Show me a method of distributing authentication information to the entire world that works better. And no, you're silly manually verified web of trust is a stupid fucking idea, which is why no one, including firefox has implemented such a feature. Just because you're idea is stupid, doesn't mean Firefox is stupid for not implementing it.

Everytime someone says something like you, they talk about some retarded way of doing exactly what we're already doing, but requiring individual users to do 1000's of times more work.

Hell, I have at least 6 SSL certificates IN MY HOUSE accessed by probably 20 different devices. Fuck you if you think I'm going to manually input 20 digit (or longer) finger prints for all those certs on all those devices, then twice as many at work, and I haven't even started talking to Amazon and iTunes to buy shit yet.

The reason we're still using 1990s 'tech' (which it was old in the 90s btw) is because theres nothing better, contrary to what you think. Please to be shutting up until you actually understand what you're talking about. You really made it clear that you have no idea whats going on.

Its done because software encryption on intel/amd CPUs sucks in general, though new processors with the AES instruction will start to make SSL processing easier closer to the web server itself.

You off load the encryption and reverse proxy to dedicated hardware that has ASICs to handle the encryption/decryption process because its cheaper to buy one expensive custom bit of hardware than to buy the extra 300 web servers if you try to get them to handle 10GB of encrypted traffic without hardware encryption support.

Forge the CA so you can forge the certificates to do a man in the middle, its trivial. I've done it on multiple occasions at work in order to facilitate sniffing passwords to migrate users to different a new service (say from office365 to gmail without getting everyones passwords by asking).

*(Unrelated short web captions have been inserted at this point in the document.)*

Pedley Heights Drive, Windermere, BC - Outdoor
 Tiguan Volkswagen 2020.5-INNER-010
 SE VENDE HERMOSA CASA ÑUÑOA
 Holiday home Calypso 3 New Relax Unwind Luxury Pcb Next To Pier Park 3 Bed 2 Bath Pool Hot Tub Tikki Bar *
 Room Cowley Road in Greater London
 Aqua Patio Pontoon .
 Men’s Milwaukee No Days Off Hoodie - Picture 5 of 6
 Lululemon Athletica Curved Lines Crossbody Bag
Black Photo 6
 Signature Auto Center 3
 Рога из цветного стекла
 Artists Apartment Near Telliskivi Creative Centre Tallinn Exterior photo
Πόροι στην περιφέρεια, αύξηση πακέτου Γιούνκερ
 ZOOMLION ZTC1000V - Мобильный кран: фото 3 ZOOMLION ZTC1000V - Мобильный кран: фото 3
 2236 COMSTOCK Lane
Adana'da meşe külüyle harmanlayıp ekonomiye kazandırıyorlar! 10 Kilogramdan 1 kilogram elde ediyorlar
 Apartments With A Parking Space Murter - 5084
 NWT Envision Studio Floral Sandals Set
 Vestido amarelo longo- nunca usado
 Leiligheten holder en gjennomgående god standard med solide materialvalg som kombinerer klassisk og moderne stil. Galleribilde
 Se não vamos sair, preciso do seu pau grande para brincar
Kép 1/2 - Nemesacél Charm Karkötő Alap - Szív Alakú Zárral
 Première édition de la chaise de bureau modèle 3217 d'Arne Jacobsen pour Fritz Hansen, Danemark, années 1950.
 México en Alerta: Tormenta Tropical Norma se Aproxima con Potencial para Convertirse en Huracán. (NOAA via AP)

You only know the thumbprint doesn't match if you check it and manually record it. Your browser's checks are being processed correctly via the forged certs.

I sign our MITM certs with our domain CA, its clear that we're doing it ... if you bother to look. I'm not trying to hide it, just accomplish part of my job. Being that we're on an ActiveDirectory domain with a certificate authority, the domain cert is automatically deployed to all the windows domain PCs, all I have to do is have the domain CA sign certs for my use, and all the PCs trust it.

It requires nothing special to accomplish and is working as designed. When you're using someone else's computer, you should assume they can see and hear everything you are doing at a minimum.

And no, you have no right to privacy on your companies computers or network at work, thats what you have your own home computer and network for.